*** Block opens ***
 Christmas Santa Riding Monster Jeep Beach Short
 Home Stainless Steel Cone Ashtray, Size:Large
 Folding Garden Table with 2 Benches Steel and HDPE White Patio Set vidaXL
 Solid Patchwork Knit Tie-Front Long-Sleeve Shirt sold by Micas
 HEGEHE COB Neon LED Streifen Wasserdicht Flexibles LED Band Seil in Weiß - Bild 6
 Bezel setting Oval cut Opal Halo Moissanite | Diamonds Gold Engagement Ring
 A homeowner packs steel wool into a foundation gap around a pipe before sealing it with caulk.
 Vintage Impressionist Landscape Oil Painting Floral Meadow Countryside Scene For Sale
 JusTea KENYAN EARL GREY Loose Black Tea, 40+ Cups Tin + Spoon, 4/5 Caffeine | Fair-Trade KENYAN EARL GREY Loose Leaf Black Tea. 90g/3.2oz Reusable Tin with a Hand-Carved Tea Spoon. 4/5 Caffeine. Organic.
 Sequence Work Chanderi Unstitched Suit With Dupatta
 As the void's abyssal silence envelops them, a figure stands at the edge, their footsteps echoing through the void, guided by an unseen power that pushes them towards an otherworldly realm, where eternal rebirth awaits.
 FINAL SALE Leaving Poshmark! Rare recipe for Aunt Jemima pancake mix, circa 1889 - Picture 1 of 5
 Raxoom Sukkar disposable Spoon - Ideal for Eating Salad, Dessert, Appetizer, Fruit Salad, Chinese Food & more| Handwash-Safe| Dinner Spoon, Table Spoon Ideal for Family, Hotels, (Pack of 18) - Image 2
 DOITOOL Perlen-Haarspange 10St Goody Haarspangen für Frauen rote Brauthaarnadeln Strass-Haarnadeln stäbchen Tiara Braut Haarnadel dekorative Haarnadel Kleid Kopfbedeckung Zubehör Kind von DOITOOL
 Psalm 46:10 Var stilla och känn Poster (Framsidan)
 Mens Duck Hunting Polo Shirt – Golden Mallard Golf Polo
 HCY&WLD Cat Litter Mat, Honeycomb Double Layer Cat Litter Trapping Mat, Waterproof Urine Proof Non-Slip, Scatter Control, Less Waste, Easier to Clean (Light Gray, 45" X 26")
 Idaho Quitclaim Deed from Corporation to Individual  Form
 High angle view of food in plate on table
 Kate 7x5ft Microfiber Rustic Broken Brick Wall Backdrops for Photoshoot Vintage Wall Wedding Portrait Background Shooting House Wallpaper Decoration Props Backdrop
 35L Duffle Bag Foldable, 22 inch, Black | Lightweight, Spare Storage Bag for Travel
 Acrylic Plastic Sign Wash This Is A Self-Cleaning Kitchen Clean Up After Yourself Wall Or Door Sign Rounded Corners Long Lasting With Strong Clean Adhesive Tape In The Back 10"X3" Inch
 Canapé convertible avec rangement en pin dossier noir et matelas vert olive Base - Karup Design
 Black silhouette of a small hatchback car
*** Block closes ***
■ **Task directions**:
Using the material above, copy every line in which the string "Long" occurs.

■ **Final answer**:
 Solid Patchwork Knit Tie-Front Long-Sleeve Shirt sold by Micas
 Acrylic Plastic Sign Wash This Is A Self-Cleaning Kitchen Clean Up After Yourself Wall Or Door Sign Rounded Corners Long Lasting With Strong Clean Adhesive Tape In The Back 10"X3" Inch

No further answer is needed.